Department of Chemistry, Christopher Ingold Laboratories, University College London, UK.
FEBS J. 2013 Dec;280(24):6374-94. doi: 10.1111/febs.12496. Epub 2013 Sep 13.
Thiamine diphosphate-dependent enzymes are broadly distributed in all organisms, and they catalyse a broad range of C-C bond forming and breaking reactions. Enzymes belonging to the structural families of decarboxylases and transketolases have been particularly well investigated concerning their substrate range, mechanism of stereoselective carboligation and carbolyase reaction. Both structurally different enzyme families differ also in stereoselectivity: enzymes from the decarboxylase family are predominantly R-selective, whereas those from the transketolase family are S-selective. In recent years a key focus of our studies has been on stereoselective benzoin condensation-like 1,2-additions. Meanwhile, several S-selective variants of pyruvate decarboxylase, benzoylformate decarboxylase and 2-succinyl-5-enolpyruvyl-6-hydroxy-3-cyclohexene-1-carboxylate (SEPHCHC) synthase as well as R-selective transketolase variants were created that allow access to a broad range of enantiocomplementary α-hydroxyketones and α,α'-dihydroxyketones. This review covers recent studies and the mechanistic understanding of stereoselective C-C bond forming thiamine diphosphate-dependent enzymes, which has been guided by structure-function analyses based on mutagenesis studies and from influences of different substrates and organic co-solvents on stereoselectivity.

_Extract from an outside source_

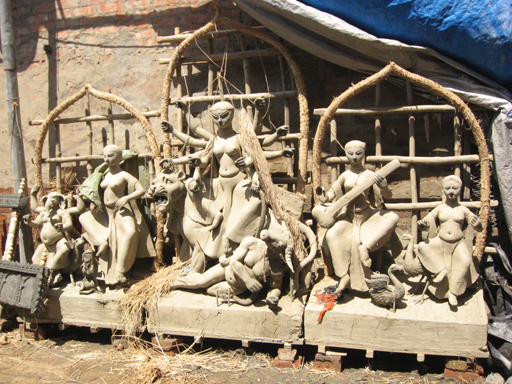 Durga under clay coat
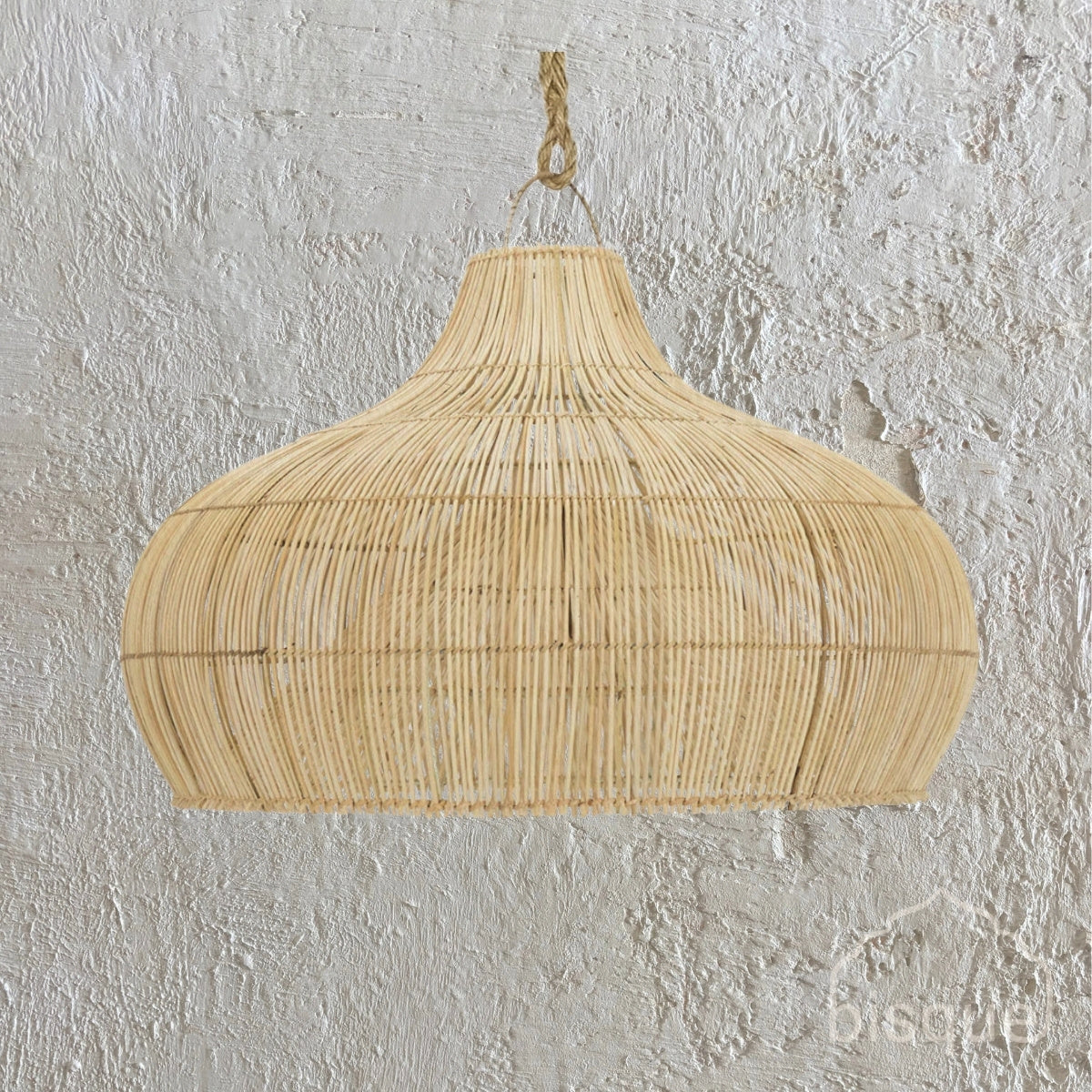 Fish Trap Rattan Wide Pendant, Natural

依赖硫胺素二磷酸的酶广泛分布于所有生物体中,它们催化广泛的 C-C 键形成和断裂反应。属于脱羧酶和转酮醇酶结构家族的酶在其底物范围、立体选择性卡罗利加和卡罗利酶反应的机制方面已经得到了特别深入的研究。这两个结构不同的酶家族在立体选择性上也有所不同:脱羧酶家族的酶主要是 R 选择性的,而转酮醇酶家族的酶是 S 选择性的。近年来,我们研究的重点一直是立体选择性安息香缩合样 1,2-加成。同时,还创建了几种 S 选择性的丙酮酸脱羧酶、苯甲酰甲酸脱羧酶和 2-琥珀酰-5-烯醇丙酮酸-6-羟基-3-环己烯-1-羧酸酯(SEPHCHC)合酶以及 R 选择性转酮醇酶变体,这些变体可用于制备广泛的对映体互补的α-羟基酮和α,α'-二羟基酮。这篇综述涵盖了最近的研究以及对依赖硫胺素二磷酸的立体选择性 C-C 键形成酶的机制理解,这些研究受到基于诱变研究的结构-功能分析以及不同底物和有机溶剂对立体选择性的影响的指导。